*Work request*: Copy the records below in full and leave every image out of the copy.

*Records supplied*:
━━━━━━━━━━
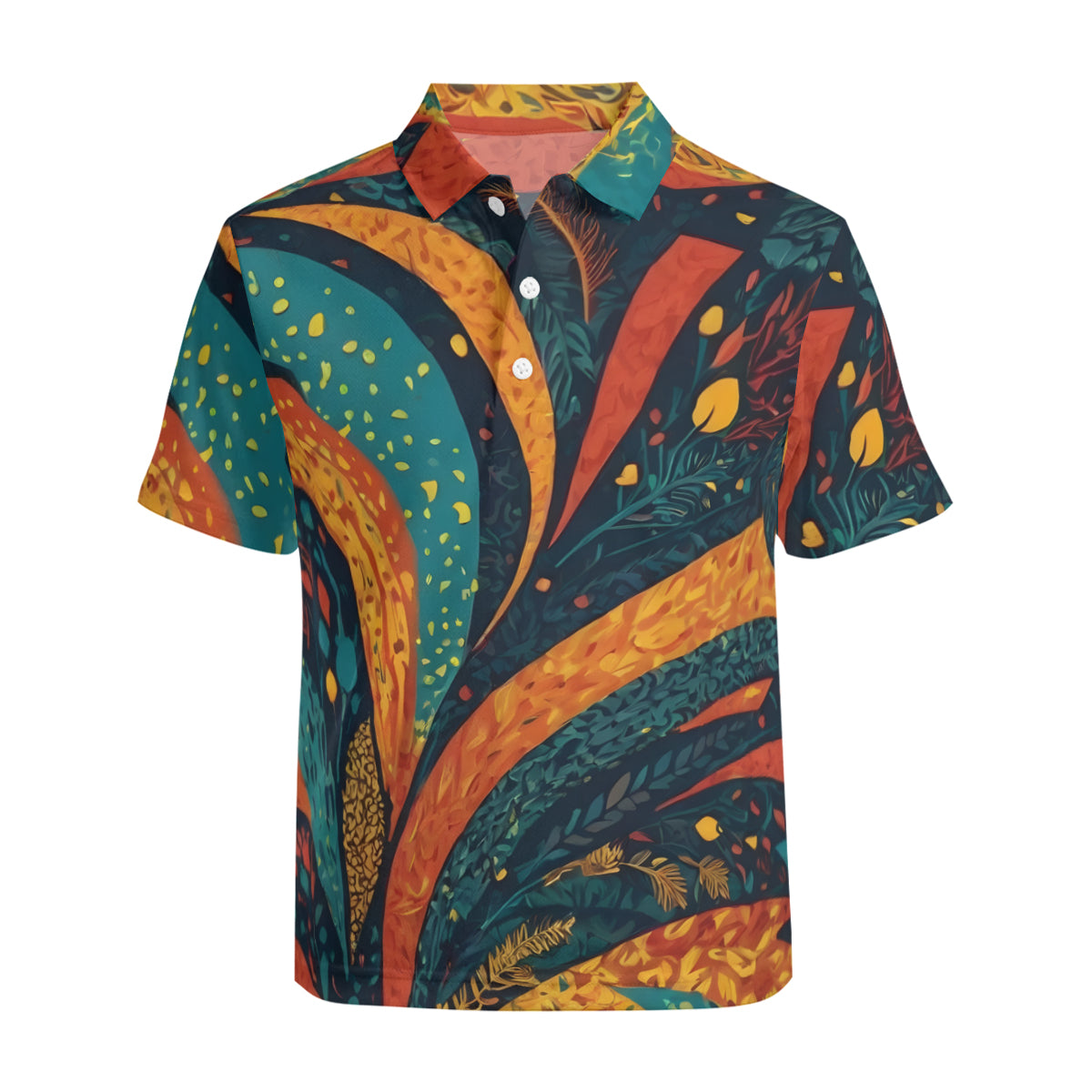 Abstract Beauty Men's Premium POLO Shirt | 95% Polyester+5% Spandex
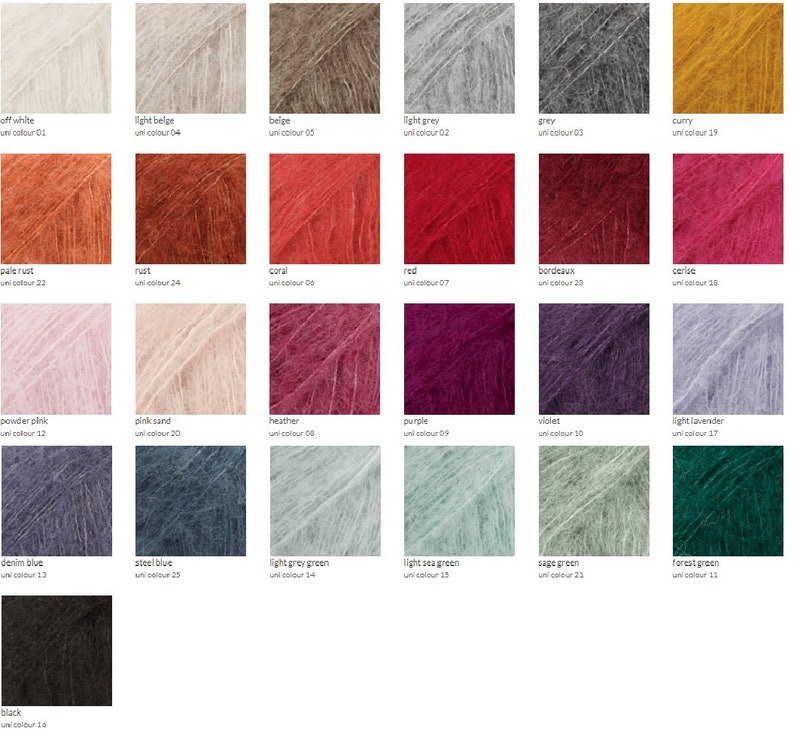 DROPS BRUSHED Alpaka Seide Alpakagarn Alpakagarn Etsy.de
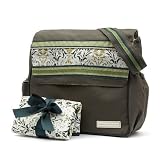 Lacy Green Messenger Diaper Bag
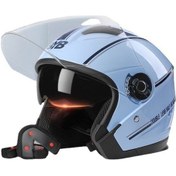Resim Pangolin Outdoors Unisex Yarım Açık Elektrikli Motosiklet Kaskı Mavi Cq Mavi 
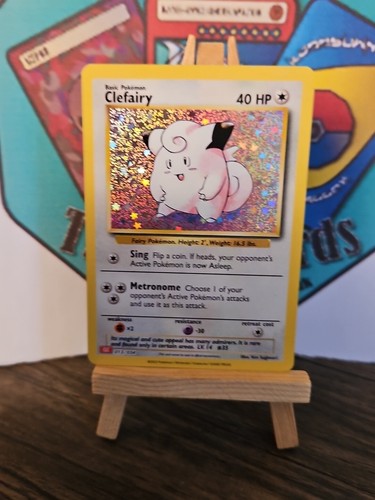 Juego de cartas coleccionables Clefairy 013/034 Pokémon JCC clásico inglés - Imagen 8 de 19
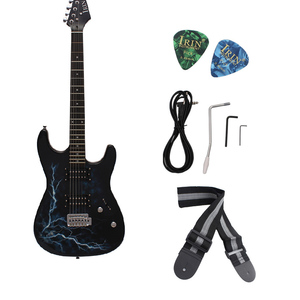 IRIN China produce la guitarra acústica ST de instrumento desplumado en blanco y negro más vendida - Product Image 2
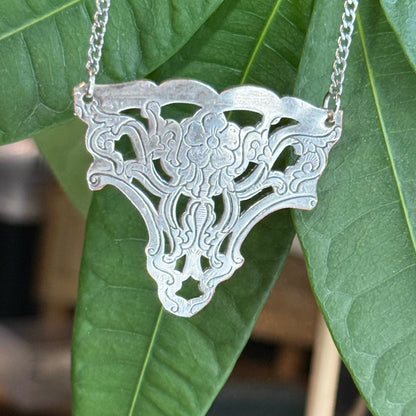 Silver Tray Pendant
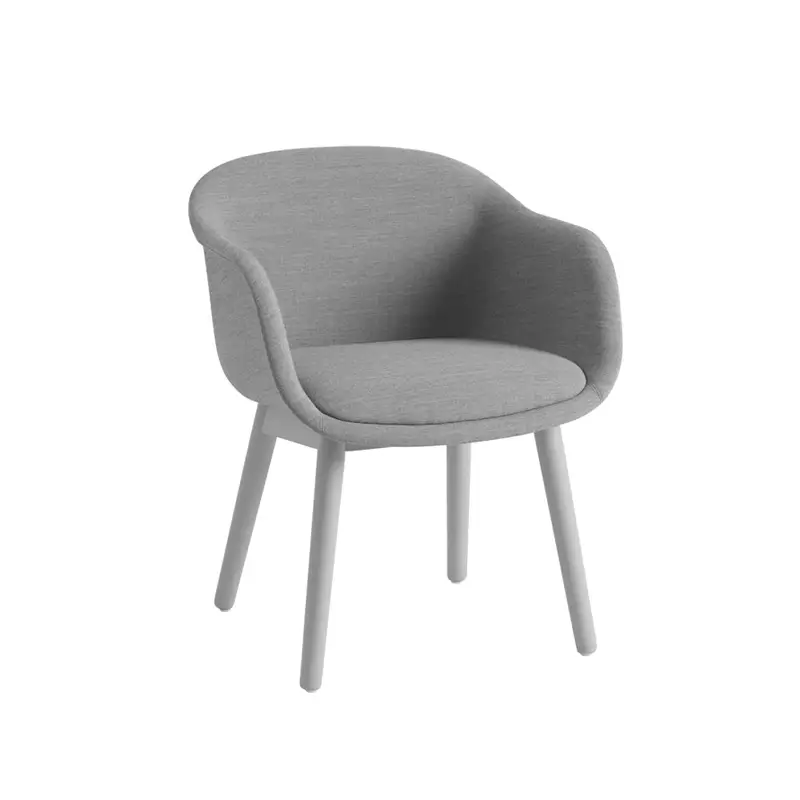 Dining Chair FIBER CONFERENCE wooden legs Remix 133 / GreyMUUTO Offre Du Jour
━━━━━━━━━━
*Problem solution*:
 Abstract Beauty Men's Premium POLO Shirt | 95% Polyester+5% Spandex
 DROPS BRUSHED Alpaka Seide Alpakagarn Alpakagarn Etsy.de
 Lacy Green Messenger Diaper Bag
Resim Pangolin Outdoors Unisex Yarım Açık Elektrikli Motosiklet Kaskı Mavi Cq Mavi 
 Juego de cartas coleccionables Clefairy 013/034 Pokémon JCC clásico inglés - Imagen 8 de 19
 IRIN China produce la guitarra acústica ST de instrumento desplumado en blanco y negro más vendida - Product Image 2
 Silver Tray Pendant
 Dining Chair FIBER CONFERENCE wooden legs Remix 133 / GreyMUUTO Offre Du Jour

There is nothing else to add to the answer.